AVJennings
- Company type: Subsidiary
- Traded as: ASX: AVJ SGX: A05
- Industry: Home construction
- Founded: 1932
- Founders: Albert Victor Jennings
- Headquarters: Hawthorn, Victoria
- Area served: Australia
- Key people: Phil Kearns (CEO)
- Products: Houses
- Revenue: $320 million (2024)
- Net income: $19 million (2024)
- Parent: Avid Property Group
- Website: www.avjennings.com.au

= AVJennings =

Australian home building company

AVJennings is a home construction company in Australia. Formerly listed on the Australian Securities Exchange and Singapore Exchange, it is a subsidiary of the Avid Property Group.

==History==
AVJennings was founded by Albert Victor Jennings in 1932. In 1950, it was listed on the Australian Securities Exchange. It became a dual listed company with a listing on the Singapore Exchange.

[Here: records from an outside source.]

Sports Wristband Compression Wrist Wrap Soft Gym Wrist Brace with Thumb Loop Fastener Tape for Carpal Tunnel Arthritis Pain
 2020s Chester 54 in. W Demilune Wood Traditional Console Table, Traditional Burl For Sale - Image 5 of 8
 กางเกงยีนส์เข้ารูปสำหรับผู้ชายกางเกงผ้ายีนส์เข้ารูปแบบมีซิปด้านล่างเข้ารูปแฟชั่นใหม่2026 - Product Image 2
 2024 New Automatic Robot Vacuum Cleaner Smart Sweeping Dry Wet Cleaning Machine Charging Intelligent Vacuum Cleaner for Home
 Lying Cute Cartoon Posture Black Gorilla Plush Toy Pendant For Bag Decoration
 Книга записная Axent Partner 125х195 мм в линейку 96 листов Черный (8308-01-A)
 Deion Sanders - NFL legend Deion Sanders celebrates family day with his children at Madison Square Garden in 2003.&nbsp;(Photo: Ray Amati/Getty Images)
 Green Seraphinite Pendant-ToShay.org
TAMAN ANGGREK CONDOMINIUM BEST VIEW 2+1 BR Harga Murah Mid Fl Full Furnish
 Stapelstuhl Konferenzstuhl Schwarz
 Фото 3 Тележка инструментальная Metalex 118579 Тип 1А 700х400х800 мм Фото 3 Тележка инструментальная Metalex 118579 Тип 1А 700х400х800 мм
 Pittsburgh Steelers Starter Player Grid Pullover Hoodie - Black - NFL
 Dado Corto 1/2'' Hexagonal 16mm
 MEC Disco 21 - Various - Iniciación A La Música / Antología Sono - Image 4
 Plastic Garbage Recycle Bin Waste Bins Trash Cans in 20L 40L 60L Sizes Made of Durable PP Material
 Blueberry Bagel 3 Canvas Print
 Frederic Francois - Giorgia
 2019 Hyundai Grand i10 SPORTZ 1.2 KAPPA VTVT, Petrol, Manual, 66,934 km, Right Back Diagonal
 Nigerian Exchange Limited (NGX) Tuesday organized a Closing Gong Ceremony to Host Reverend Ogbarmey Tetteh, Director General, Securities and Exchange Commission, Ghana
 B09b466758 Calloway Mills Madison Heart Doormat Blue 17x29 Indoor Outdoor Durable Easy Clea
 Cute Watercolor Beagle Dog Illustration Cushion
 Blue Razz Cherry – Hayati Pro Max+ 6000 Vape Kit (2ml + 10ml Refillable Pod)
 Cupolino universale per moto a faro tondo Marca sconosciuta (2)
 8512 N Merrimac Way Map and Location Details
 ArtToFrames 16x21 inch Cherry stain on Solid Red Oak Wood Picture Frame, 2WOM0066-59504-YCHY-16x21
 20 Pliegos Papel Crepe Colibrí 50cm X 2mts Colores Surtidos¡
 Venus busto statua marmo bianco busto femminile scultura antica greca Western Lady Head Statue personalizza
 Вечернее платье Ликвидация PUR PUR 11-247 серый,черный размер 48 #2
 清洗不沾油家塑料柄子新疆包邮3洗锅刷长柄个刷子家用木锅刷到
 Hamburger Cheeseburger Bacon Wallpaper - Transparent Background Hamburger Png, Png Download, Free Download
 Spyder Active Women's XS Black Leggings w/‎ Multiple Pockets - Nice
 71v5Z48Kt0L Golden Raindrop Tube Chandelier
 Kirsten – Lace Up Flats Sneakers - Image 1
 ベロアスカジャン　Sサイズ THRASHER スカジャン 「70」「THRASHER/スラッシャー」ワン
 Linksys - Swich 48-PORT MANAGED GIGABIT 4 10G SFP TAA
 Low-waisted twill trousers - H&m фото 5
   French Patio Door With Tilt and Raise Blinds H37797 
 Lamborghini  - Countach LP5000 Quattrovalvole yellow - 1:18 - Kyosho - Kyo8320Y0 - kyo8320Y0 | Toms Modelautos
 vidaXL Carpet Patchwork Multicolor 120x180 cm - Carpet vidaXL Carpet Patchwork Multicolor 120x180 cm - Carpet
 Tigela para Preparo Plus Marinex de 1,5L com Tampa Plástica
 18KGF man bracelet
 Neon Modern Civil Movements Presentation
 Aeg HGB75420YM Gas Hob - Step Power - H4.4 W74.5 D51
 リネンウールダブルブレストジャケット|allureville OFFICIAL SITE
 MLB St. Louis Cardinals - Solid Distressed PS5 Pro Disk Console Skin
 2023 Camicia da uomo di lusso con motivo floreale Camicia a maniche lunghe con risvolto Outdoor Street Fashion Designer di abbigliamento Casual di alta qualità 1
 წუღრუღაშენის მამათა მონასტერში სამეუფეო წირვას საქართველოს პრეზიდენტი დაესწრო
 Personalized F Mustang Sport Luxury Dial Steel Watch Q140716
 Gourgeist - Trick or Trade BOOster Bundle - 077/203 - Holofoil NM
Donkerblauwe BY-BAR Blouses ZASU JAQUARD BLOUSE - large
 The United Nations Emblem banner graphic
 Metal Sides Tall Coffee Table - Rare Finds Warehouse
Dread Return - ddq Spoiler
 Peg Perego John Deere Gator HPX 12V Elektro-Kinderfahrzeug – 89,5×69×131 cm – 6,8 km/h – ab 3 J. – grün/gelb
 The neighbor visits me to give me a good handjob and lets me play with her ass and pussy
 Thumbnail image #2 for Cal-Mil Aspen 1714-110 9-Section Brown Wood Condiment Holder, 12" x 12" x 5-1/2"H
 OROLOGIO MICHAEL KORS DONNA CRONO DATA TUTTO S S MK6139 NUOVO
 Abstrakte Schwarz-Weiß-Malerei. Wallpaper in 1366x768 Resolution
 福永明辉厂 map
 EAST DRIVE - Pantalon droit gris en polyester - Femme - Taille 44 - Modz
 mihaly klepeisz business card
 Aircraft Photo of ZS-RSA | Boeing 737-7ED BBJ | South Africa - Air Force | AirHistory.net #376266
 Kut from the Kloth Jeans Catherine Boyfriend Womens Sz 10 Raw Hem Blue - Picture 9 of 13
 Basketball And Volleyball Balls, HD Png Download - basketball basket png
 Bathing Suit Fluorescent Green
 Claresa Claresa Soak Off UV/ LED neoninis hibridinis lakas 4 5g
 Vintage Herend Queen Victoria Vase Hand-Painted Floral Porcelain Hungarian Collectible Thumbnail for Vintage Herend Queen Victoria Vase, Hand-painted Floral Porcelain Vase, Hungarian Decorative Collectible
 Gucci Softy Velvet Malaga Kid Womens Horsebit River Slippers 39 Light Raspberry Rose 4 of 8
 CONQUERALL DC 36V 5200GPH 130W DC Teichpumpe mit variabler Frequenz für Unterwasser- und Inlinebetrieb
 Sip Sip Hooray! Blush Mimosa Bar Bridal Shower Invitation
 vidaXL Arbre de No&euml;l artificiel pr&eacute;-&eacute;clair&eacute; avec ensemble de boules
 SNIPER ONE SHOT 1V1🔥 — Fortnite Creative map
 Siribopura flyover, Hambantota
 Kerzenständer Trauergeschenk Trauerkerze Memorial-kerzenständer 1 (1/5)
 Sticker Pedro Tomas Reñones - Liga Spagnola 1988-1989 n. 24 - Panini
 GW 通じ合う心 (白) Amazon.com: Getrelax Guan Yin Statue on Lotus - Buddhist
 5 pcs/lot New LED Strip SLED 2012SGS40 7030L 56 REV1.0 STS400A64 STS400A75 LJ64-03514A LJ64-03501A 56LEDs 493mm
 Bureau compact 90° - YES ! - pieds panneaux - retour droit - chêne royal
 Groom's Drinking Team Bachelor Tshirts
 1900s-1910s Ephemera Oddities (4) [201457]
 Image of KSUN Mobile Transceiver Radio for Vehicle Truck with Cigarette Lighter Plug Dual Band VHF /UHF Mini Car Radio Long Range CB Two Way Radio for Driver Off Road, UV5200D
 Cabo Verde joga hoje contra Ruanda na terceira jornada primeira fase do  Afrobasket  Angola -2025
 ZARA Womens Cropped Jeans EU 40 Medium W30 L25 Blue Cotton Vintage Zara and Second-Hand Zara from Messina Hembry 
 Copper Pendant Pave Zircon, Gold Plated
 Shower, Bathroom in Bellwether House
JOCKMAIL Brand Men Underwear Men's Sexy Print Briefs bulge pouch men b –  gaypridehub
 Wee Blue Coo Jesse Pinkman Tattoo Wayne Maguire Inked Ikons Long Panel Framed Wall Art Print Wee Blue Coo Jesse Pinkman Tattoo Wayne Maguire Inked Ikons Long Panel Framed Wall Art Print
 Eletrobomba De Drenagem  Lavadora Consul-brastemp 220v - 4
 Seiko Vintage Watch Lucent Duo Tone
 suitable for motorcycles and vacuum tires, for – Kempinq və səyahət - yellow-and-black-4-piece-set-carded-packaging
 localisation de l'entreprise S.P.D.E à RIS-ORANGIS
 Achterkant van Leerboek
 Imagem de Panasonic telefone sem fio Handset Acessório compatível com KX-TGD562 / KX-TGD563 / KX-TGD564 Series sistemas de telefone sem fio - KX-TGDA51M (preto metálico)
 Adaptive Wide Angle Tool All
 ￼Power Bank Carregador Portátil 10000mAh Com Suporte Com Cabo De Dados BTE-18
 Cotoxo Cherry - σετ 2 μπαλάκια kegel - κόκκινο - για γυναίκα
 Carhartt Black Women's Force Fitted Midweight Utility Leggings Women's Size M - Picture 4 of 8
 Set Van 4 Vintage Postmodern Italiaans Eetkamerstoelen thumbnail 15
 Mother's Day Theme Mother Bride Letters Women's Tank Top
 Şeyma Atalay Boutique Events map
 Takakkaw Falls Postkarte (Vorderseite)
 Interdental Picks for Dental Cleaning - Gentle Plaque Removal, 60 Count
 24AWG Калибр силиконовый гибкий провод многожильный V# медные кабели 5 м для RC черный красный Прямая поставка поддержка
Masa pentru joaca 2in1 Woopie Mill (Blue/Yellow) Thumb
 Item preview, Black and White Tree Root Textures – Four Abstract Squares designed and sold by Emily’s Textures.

In April 2000, majority shareholder MPH Group launched a takeover offer to acquire the 27% of share in AVJennings that it did not already own. At the end of the process it MPH ended up with a 93% shareholding. In March 2001, MPH began proceedings to compulsorily acquire the remaining shares.

In August 2010, AVJennings' contract building division was sold to Sekisui House leaving it to focus on land and residential developments.

In August 2025, AVJennings was taken over by Avid Property Group and delisted.